[EXTRACTED RECORDS]

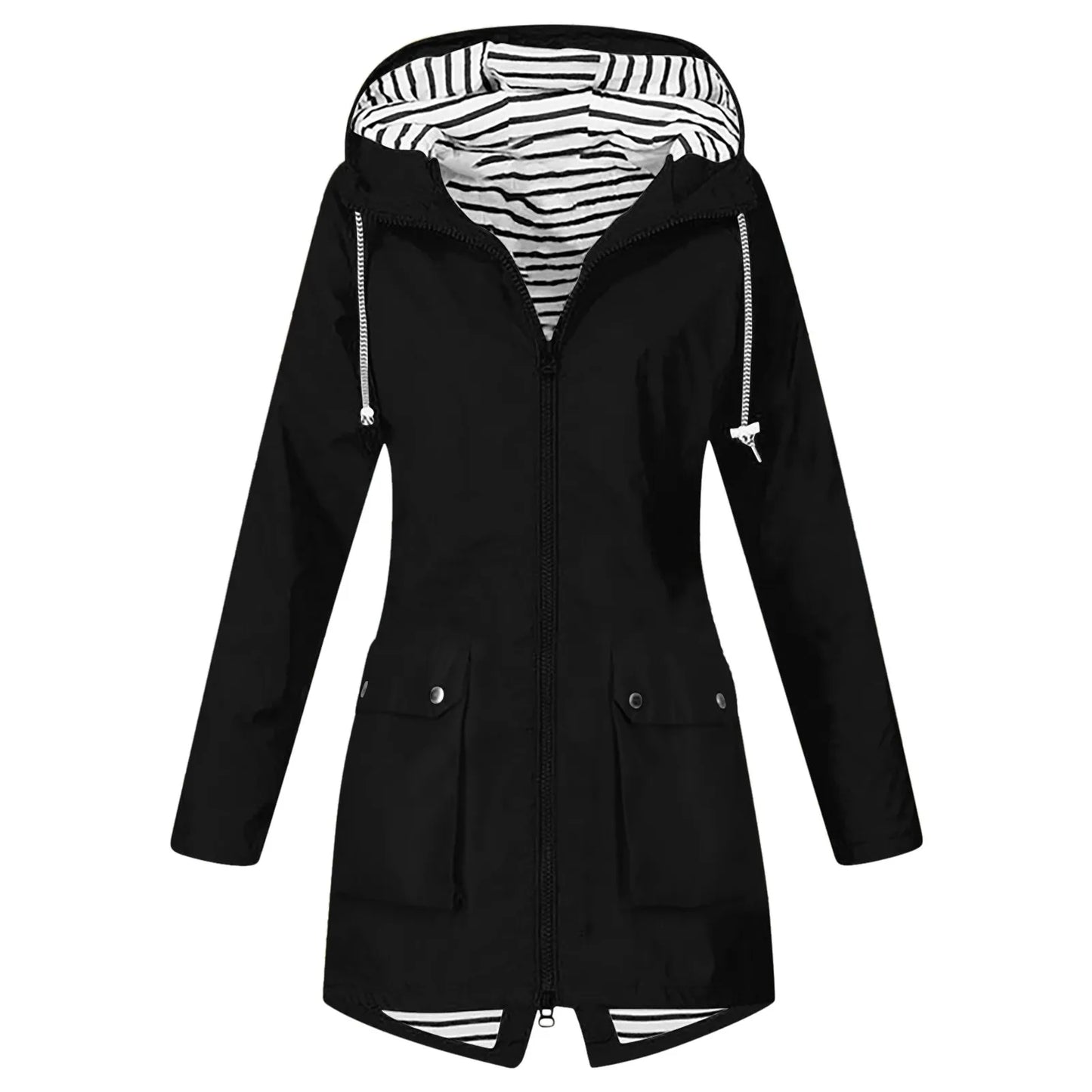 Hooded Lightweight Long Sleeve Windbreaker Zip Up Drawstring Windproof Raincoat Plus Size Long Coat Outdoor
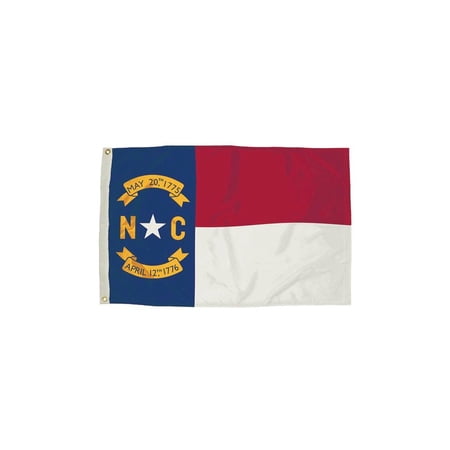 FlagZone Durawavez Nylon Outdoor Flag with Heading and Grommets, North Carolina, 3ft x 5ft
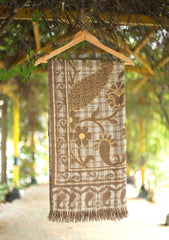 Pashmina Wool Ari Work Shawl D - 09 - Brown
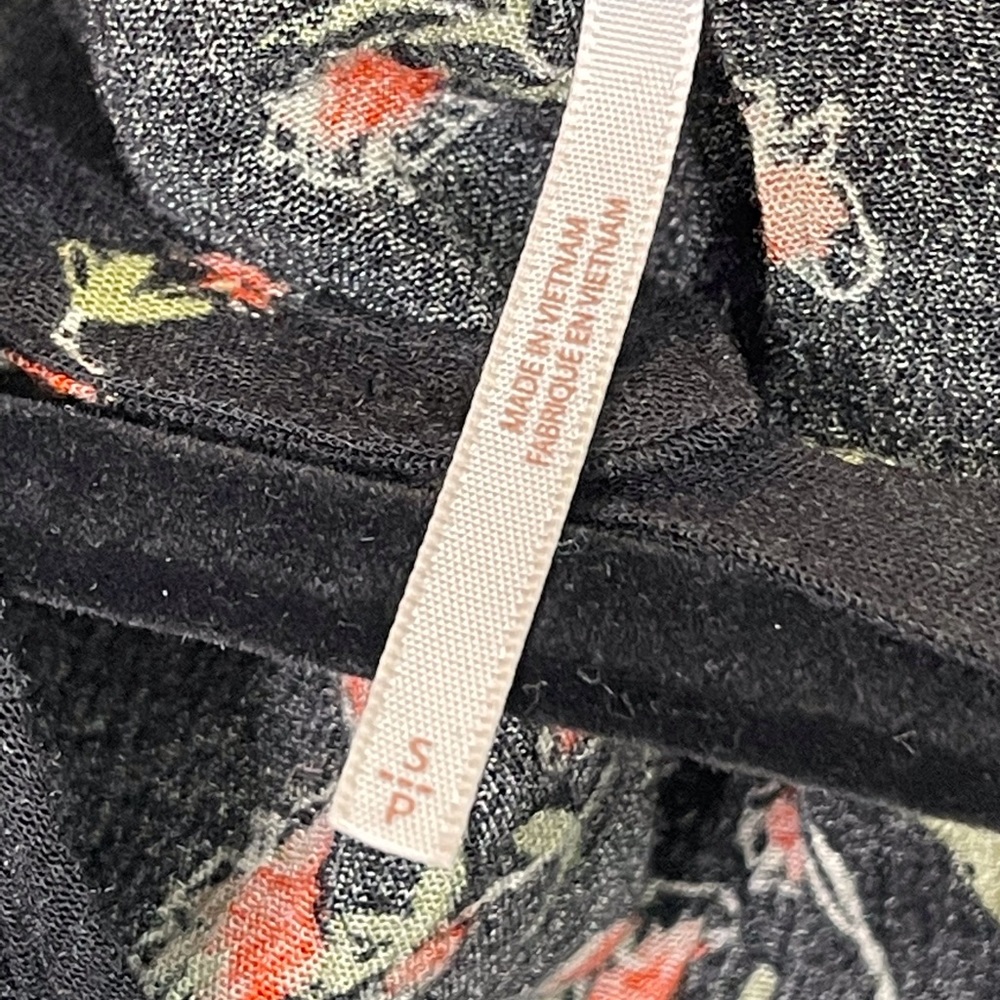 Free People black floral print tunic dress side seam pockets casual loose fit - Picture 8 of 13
---
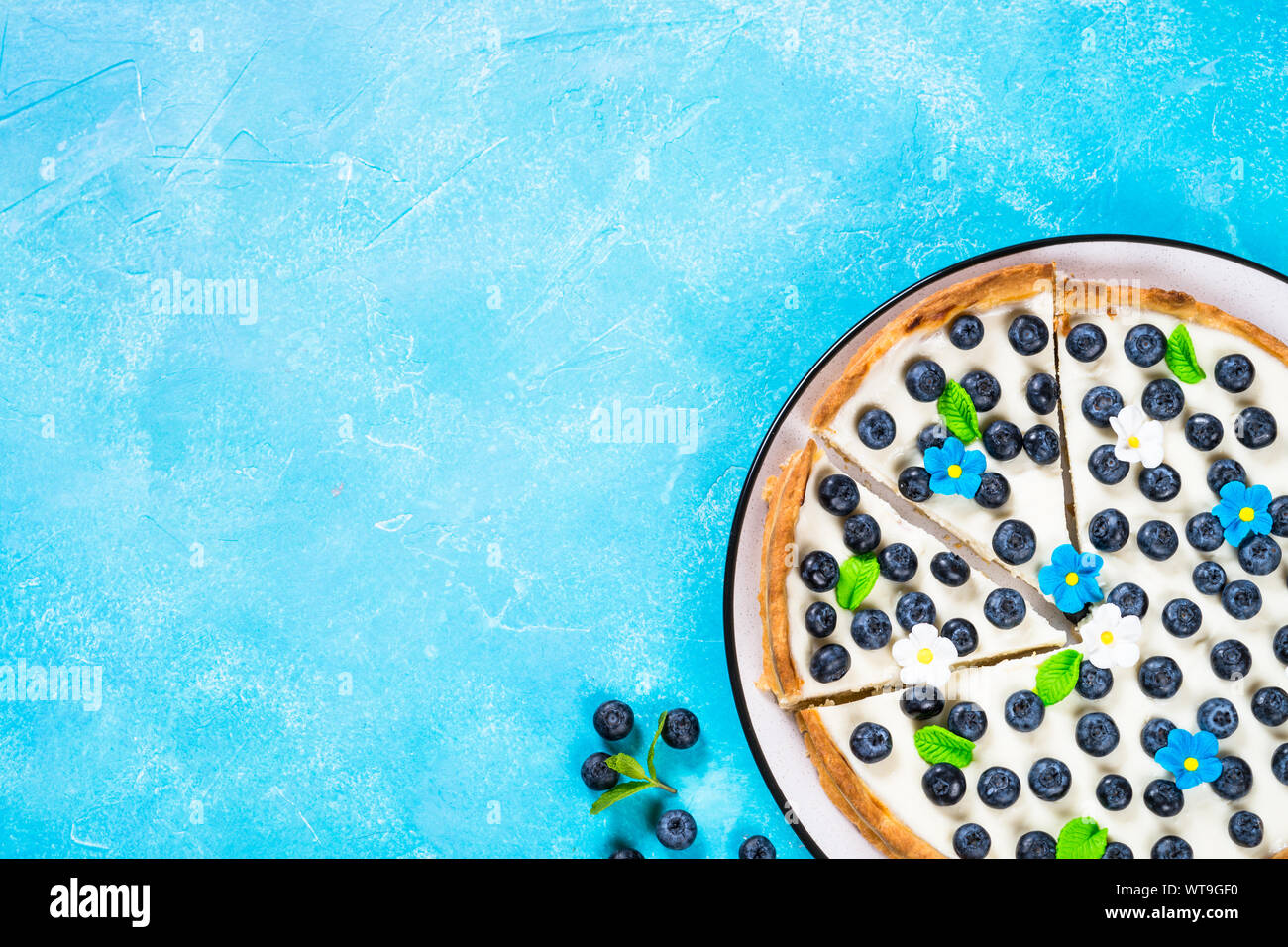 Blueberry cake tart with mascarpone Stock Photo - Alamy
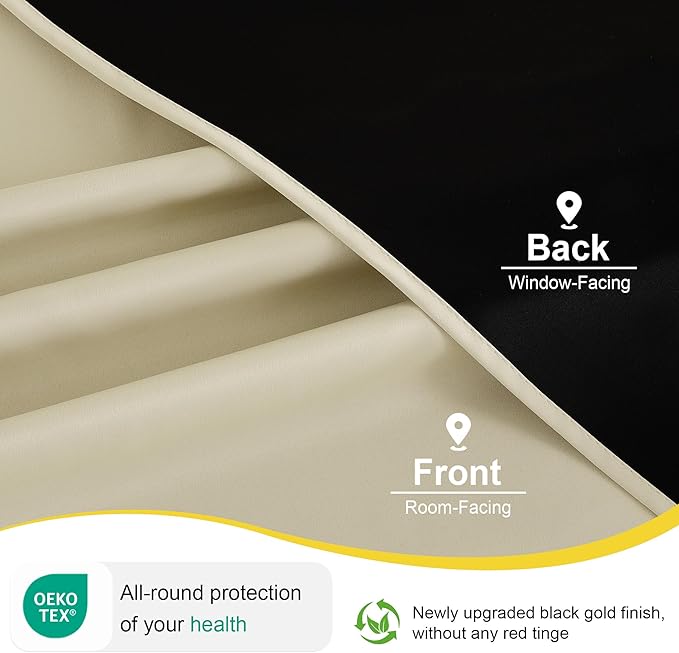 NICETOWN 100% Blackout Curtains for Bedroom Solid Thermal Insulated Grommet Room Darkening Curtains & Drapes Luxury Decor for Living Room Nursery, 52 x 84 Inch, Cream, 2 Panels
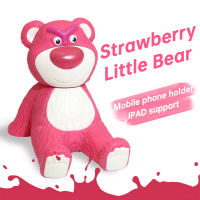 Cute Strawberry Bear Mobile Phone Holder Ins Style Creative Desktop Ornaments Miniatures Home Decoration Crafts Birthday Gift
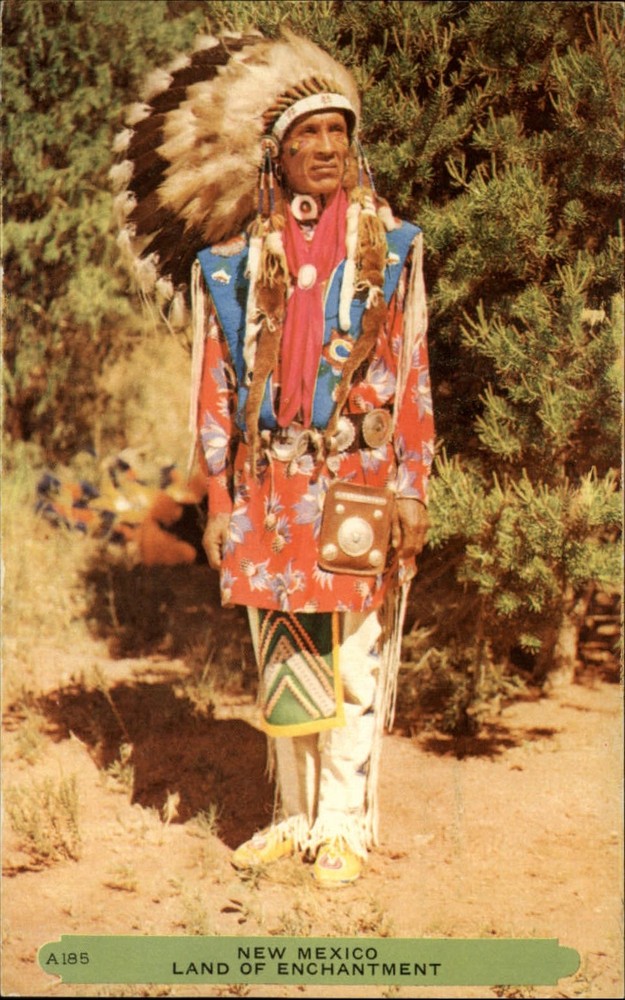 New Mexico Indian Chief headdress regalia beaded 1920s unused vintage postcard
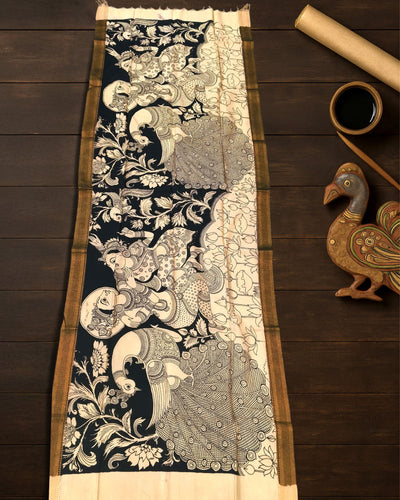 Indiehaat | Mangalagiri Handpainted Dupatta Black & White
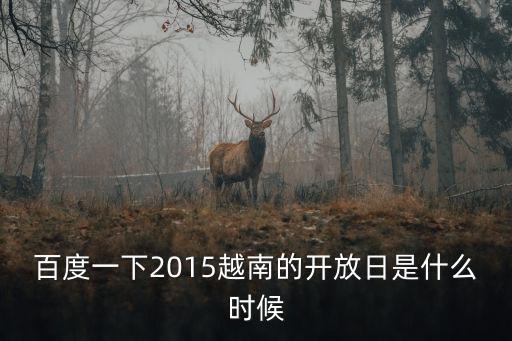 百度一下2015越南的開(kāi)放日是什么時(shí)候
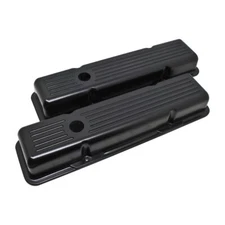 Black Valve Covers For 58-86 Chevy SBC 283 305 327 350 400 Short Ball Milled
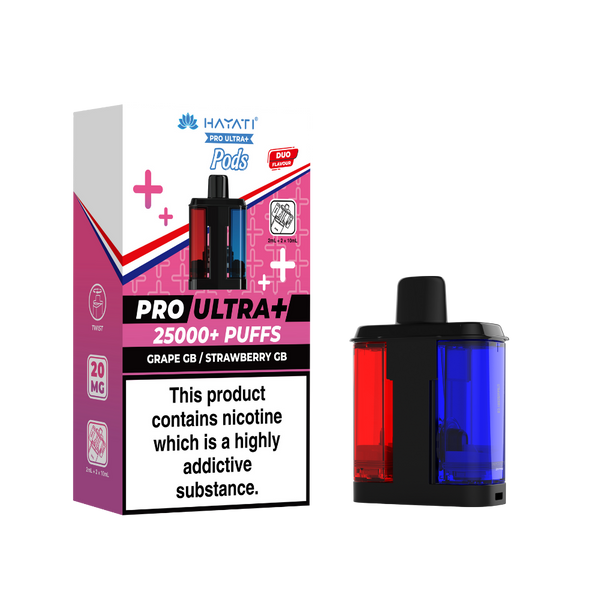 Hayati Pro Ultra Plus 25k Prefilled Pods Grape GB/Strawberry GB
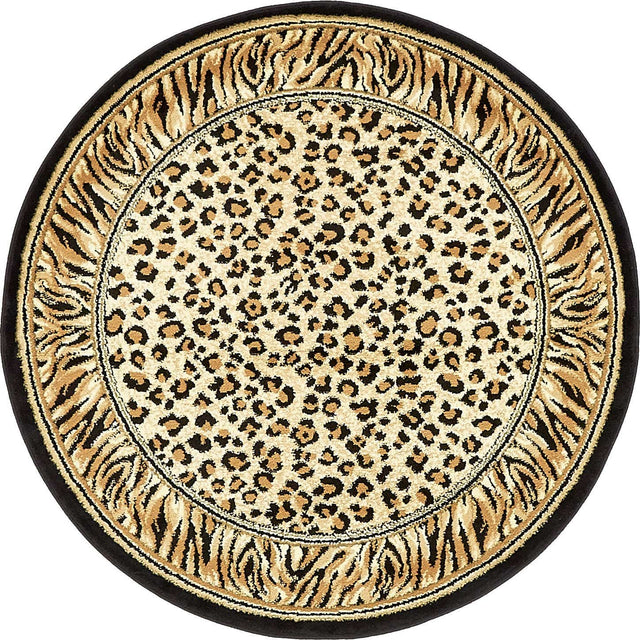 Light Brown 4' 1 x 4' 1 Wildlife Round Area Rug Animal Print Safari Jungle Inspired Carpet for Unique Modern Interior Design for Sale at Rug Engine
--
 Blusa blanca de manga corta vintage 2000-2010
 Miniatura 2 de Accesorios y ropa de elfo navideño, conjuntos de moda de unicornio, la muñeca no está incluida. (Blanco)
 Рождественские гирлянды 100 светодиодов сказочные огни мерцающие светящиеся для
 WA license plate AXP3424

[WORK ITEM]
In the listing above, find the line containing "Pashmina Wool Ari Work Shawl D - 09 - Brown" and the line containing "Free People black", then return both of them and every line between, exactly, without pictures.

[ANSWER TO THIS EXERCISE]
 Pashmina Wool Ari Work Shawl D - 09 - Brown
 Free People black floral print tunic dress side seam pockets casual loose fit - Picture 8 of 13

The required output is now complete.